ANDY SHAUF gehört zu den melancholischen, latent depressionsgefährdet wirkenden Singer-Songwritern der nordamerikanischen Folk-Szene. Und - das bestätigt nun wieder sein neues Album "Norm" - zu ihren begabtesten. Denn neben der wirklich wunderschönen, melodiesatten Musik (einer Mixtur aus Piano-, Gitarren- und Barockpop mit dezenten Sixties- und Seventies-Anleihen) stechen mal wieder seine klugen, doppelbödigen Lyrics hervor.
"Norm" ist, wie schon das starke Vorgängerwerk "The Neon Skyline" (2020) mit dem direkt anknüpfenden "Wilds" (2021), ein ausgewachsener Songzyklus bei kompakten 36 Minuten Laufzeit.
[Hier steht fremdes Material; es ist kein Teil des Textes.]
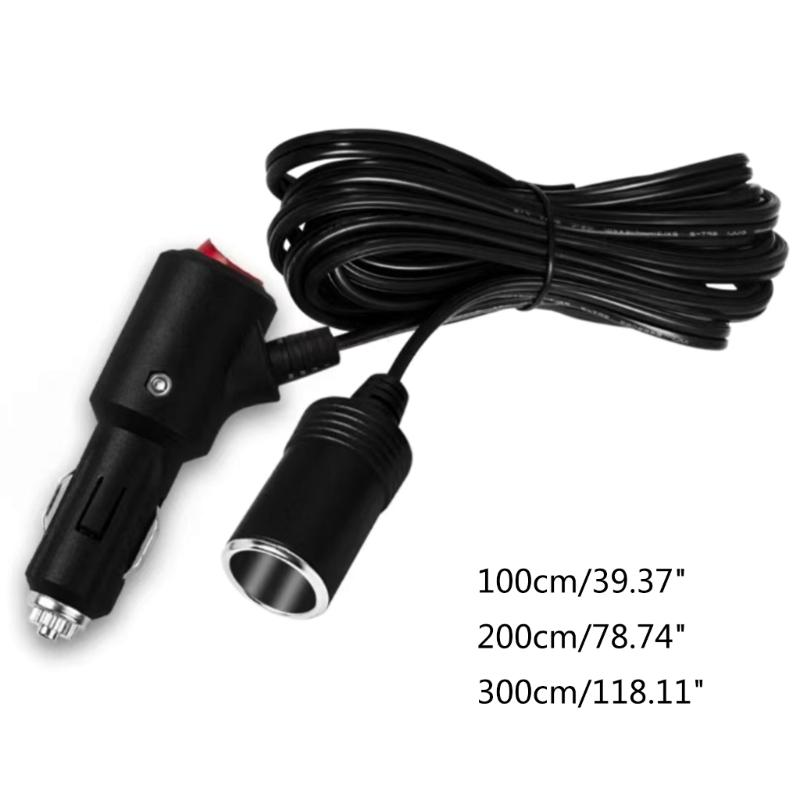 Car Cigarette Lighter Extension Cord with On/off- Button Max180W for Car Chargers, Vacuum Cleaners, Fans, LED Lights,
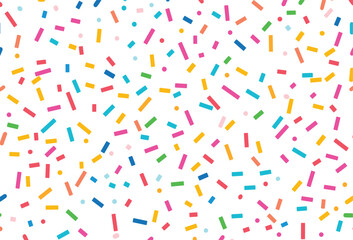 Colorful sprinkle pattern, seamless, vector illustration, flat design, white background, minimalist, simple, cute, and colorful.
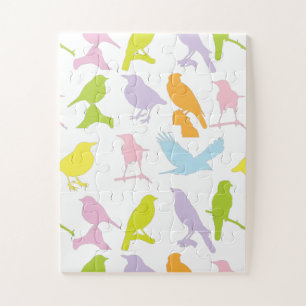 Pastel Coloured Variety of Birds Pattern Jigsaw Puzzle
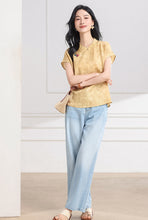Load image into Gallery viewer, Melisande Peach Pink Jacquard Johanna Top
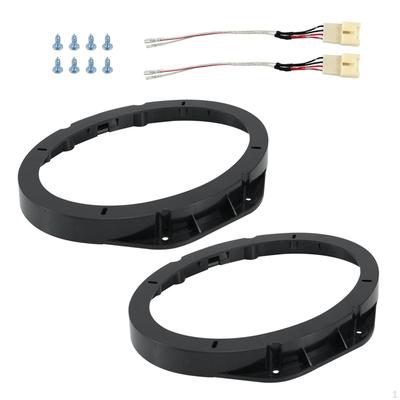 Car Speaker Adapter Mount Bracket Plates W/Speaker Wire Connector Stand Kit for Front Door Speakers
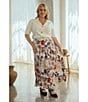 Skies Are Blue Plus Size Floral Printed Midi Skirt, Color:Ivory Multi - Image 6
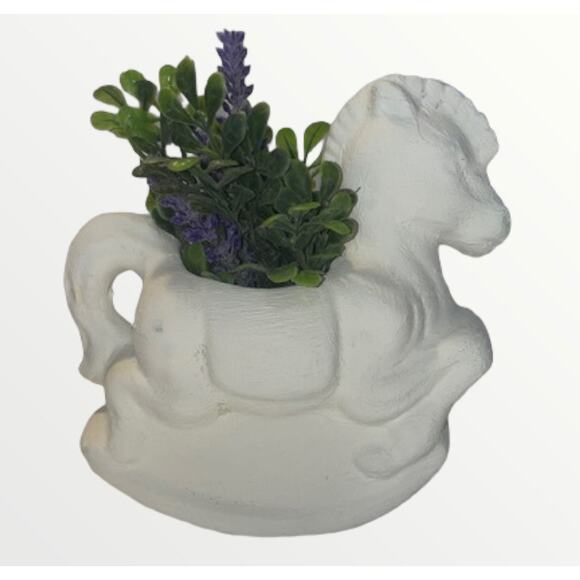 Vintage Other - Vintage upcycled ceramic rocking horse with artificial lavender & Boxwood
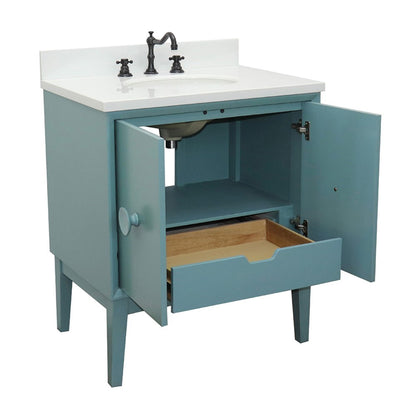 31" Single vanity in Aqua Blue finish with White engineered stone top and oval sink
Zwölf Stücke fließen ohne Pausen ineinander, es gibt eine zusammenhängende Story mit echtem Spannungsbogen rund um eine sinistre Titelfigur (Spoiler: Konzeptalbum!) sowie ein Sounddesign, das auf den ersten Eindruck ziemlich einheitlich (aber nie monochrom) erscheint und danach viele hübsche Details zum Entdecken bereit hält.
Eine Platte für geduldige Hörer also, dann aber ein veritabler "Grower". Wer schon länger auf einen ganz großen Wurf des seit gut 15 Jahren aktiven Musikers mit der sanften Elliott-Smith-Stimme gewartet hatte, könnte dank "Norm" und dessen Kontrastprogramm (sahnig-süßer Wohlklang versus bitterherb irritierende Songtexte) am Ziel sein.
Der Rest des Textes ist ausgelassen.